Landau
Wollmesheimer Ehepaar wartet seit Monaten auf Förderung der Energieagentur
Den eigenen Strom auf dem eigenen Dach zu produzieren, ist nicht erst seit „Fridays for Future“ Trend. Photovoltaikanlagen gehören längst zum Alltag. Auch Ute und Erich Clemens aus Wollmesheim wollen künftig Sonnenenergie nutzen, um selbst Strom zu erzeugen. Das Ehepaar will außerdem einen Stromspeicher kaufen. Dieser speichert die Energie, sodass auch dann Solarstrom genutzt werden kann, wenn die Sonne nicht scheint. Eine Investition, für die seit kurzem Fördermittel beantragt werden können.

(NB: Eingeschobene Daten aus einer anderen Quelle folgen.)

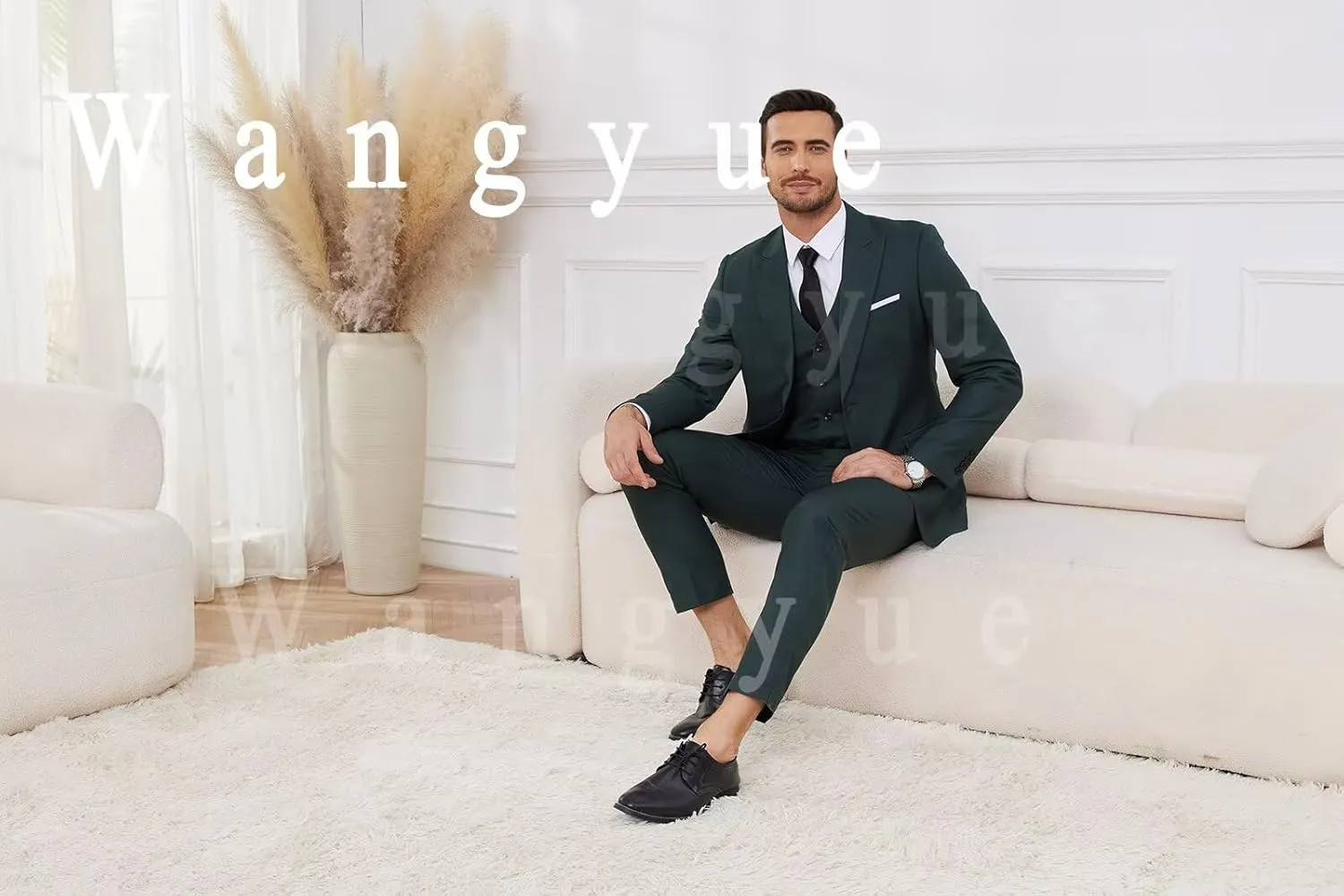 Wangyue 3 Piece Men's Suits Slim Fit Sets Elegant Suit for Men Peak Lapel Two Button Solid Jacket Vest Pants Prom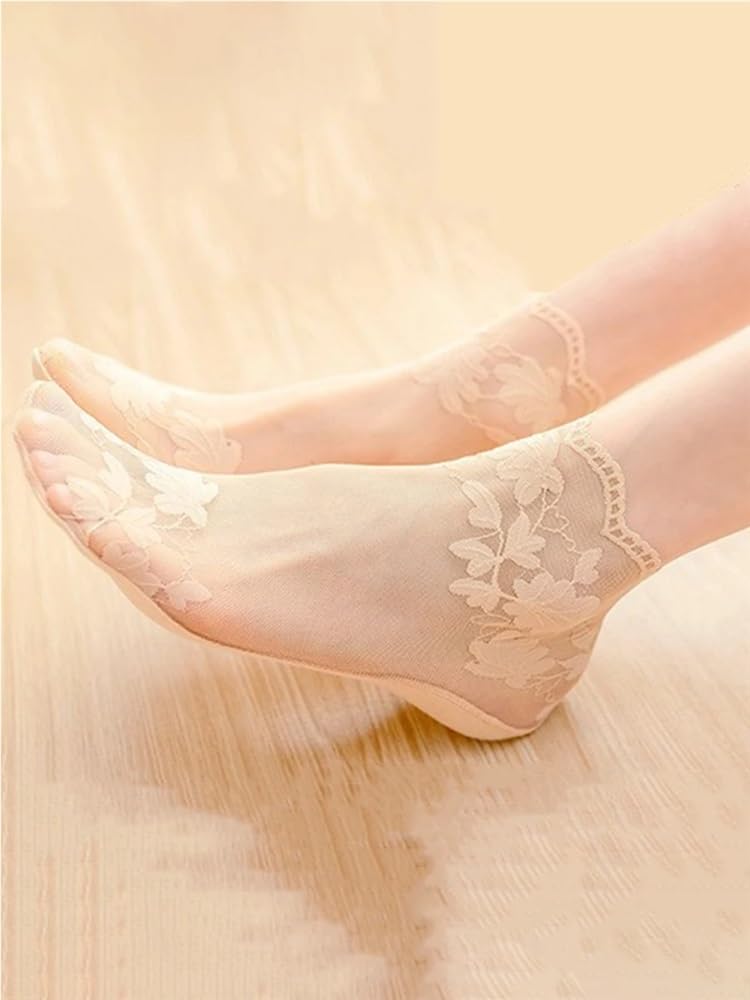 Calcetines transparentes, Calcetines tobilleros de nailon transparente for mujer, finos, 10 pares, multicolor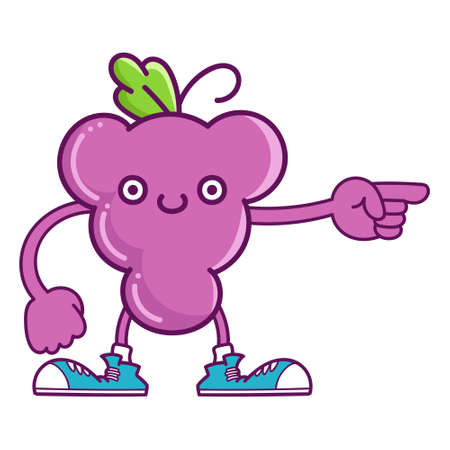 kawaii smiling purple grape fruit with sneakers cartoon isolated on white backgroundのイラスト素材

Seit Oktober vergangenen Jahres fördert das Land Rheinland-Pfalz nämlich Privathaushalte und Kommunen, die zusätzlich zu einer neuen Solaranlage einen Stromspeicher kaufen. Bürger etwa erhalten 100 Euro pro Kilowattstunde Speicherleistung, maximal jedoch 1000 Euro. Der Höchstsatz für kommunale Anlagen beträgt 10.000 Euro. Das Umweltministerium hat in seine „Solar-Offensive“ fünf Millionen Euro gepackt. Am 20. November 2019 haben die Wollmesheimer einen Zuschuss beantragt.
Verspätete Rückmeldung
Die Eingangsbestätigung der Energieagentur Rheinland-Pfalz, die das Programm abwickelt, erreichte sie jedoch erst am 16. Januar. Ein Anruf bei der Agentur in Kaiserslautern verlief laut Clemens unbefriedigend. „Die Mitarbeiterin konnte überhaupt keine Angaben machen, bis wann der Antrag bearbeitet sein wird. Es war die Rede von bis zu einem halben Jahr“, sagt der Wollmesheimer. „Dies ist für unsere weitere Planung extrem ärgerlich, weil wir keinen Auftrag erteilen können, solange die Zustimmung der Energieagentur noch aussteht.“ Denn Geld gibt es nur, wenn der Kauf nach der Bewilligung des Antrags erfolgt.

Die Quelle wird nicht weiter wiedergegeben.